Restate the listing below word for word; no pictures belong in the copy.

▶ Data below
☆ ☆ ☆

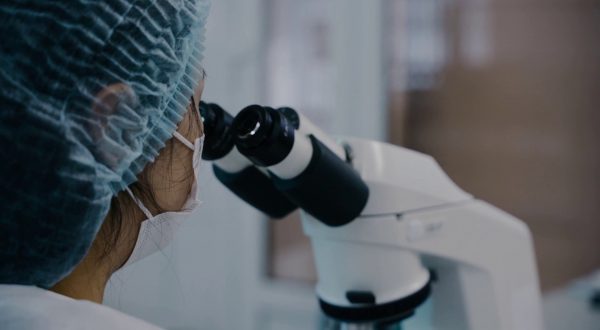 Lotta contro il cancro prioritaria per il G7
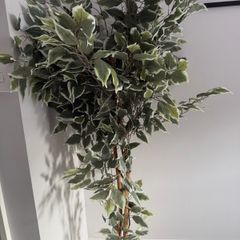Artifical plant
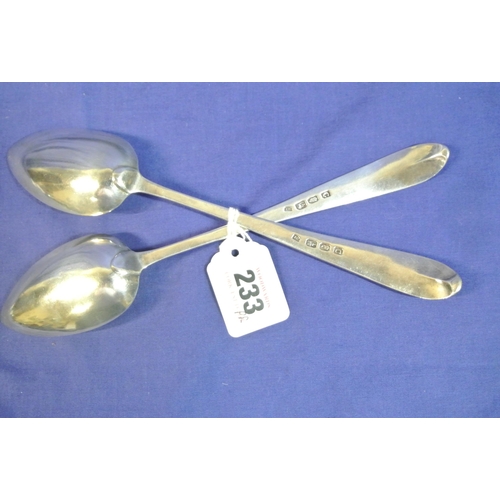 233 - Pair of Irish silver bright cut serving spoons by James Brady, Dublin, 24cm, 128g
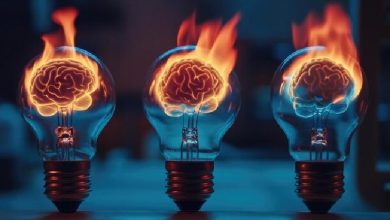 علوم اعصاب پروس؛ سیستم حسی-پیکری: حس لامسه و حس عمقی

☆ ☆ ☆

▶ Problem solution
 Lotta contro il cancro prioritaria per il G7
Artifical plant
 233 - Pair of Irish silver bright cut serving spoons by James Brady, Dublin, 24cm, 128g
 علوم اعصاب پروس؛ سیستم حسی-پیکری: حس لامسه و حس عمقی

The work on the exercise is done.